Doesn't pass the sniff test. 19 seconds sounds like the performance of 100,000 separate transactions. I bet a crisp $10 bill they've forgotten to wrap all of this in a transaction. In SQLite it makes a huge difference. I struggle to think of a way that you could make SQLite take 19 seconds to write and read 100,000 rows otherwise.
Way back in the day, like a decade or more ago when I was working on Aperture, we increased the speed of the database by dropping CoreData and moving to an embedded SQLite with tuning set up for the application.
We had a test database of 1,000,000 images, each with large amounts (several hundred) of metadata items - EXIF and the like, all of which could be queried. We had a target time of 2 seconds to get any query back. Most of the time, we hit that mark using the raw SQLite database approach.
So this was:
- On far older hardware, we still used spinning rust for $deity sake...
- Seems like much more data
- Seems like much more metadata
And it was still very fast (relatively speaking - a couple of seconds is still a long wait-time, and then there was all the UI overhead on top).
I think the author might be missing a trick or two when running SQLite, as mentioned in their write-ups, we found it faster than the filesystem as a storage medium...
There isn't anything obviously wrong with how the lib is used - the writes are properly batched in a single transaction, but the performance is much slower than expected.
From a quick look, garbage collection appears to be a big overhead - it could be related to how data is passed between isolates. In this case, it may actually be faster to do writes in smaller batches, since the current approach may use a lot of memory for the batch. I'll have to test further to see whether that helps, or whether there are other optimizations for this case.
From some further testing:
1. With a batch size of 10k, there is a negligible difference in write performance on my machine (with SQLite taking around 10% longer).
2. Reads are still slower, with the majority of the time spent in decoding. There are probably faster ways to convert List<double> into a Uint8List - probably using the typed_data library. I haven't tested this yet.
With larger batch sizes, memory usage becomes a problem with the current sqlite_async batch implementation. There can probably be improved in the library, but a workaround is to split the writes into smaller batches.
Overall, you should be able to get very similar performance between Isar and SQLite, but there is something to say for Isar providing better performance for the default/obvious way of doing things in this case.

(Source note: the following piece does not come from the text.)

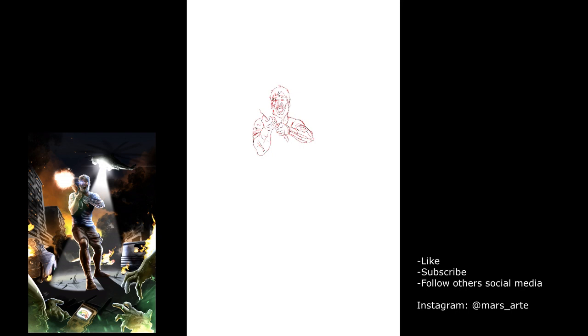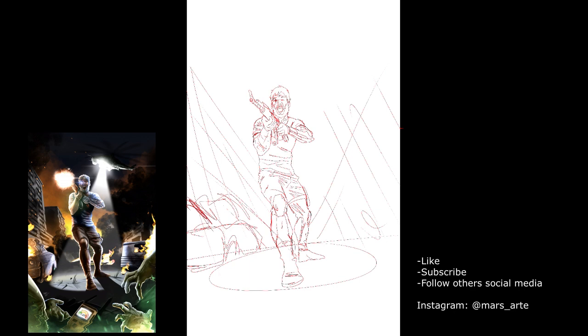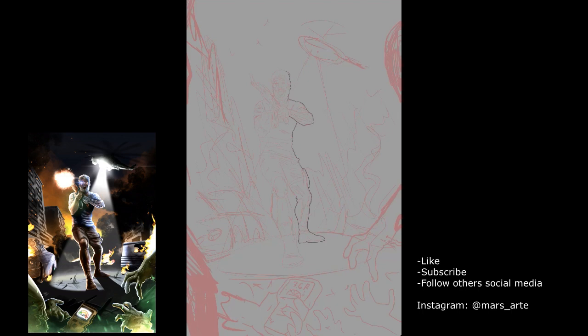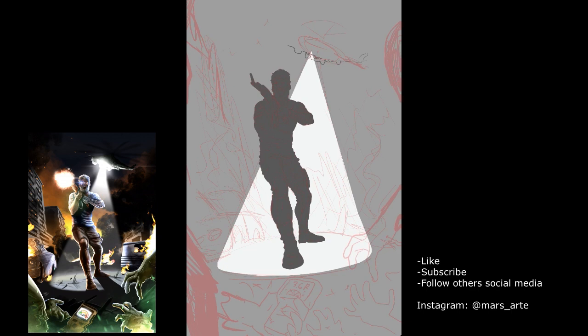For this one I start with a more precise outline over a photo reference that you cannot see because it's hidden. Then I sketched some background elements, the helicopter, some foreground elements like the hands, then I put a gray layer over the whole image.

This is the smoking gun, unfortunately; I was right. This code is not correct. You're doing a single insert per transaction (which is the same thing you'd get if you hadn't used an explicit transaction at all). What you want is a single transaction with ALL of the inserts in it. Do it again with a single transaction and you'll find it massively improves the performance. This is a common pitfall for beginners.
Edit: You've changed the link after I wrote this reply. Did you fix the code? Is the blog post using the original code or this updated code?
Why are you comparing DB engines if the bottleneck is the serialization? You're the one doing the serialization! You could store the embedding directly into SQLite columns if you wanted.
I agree that deserialization is not the responsibility of the database.
But as an end consumer, the overall throughput while using SQLite as the DB engine was not sufficient to serve our use case of reading 100k embeddings.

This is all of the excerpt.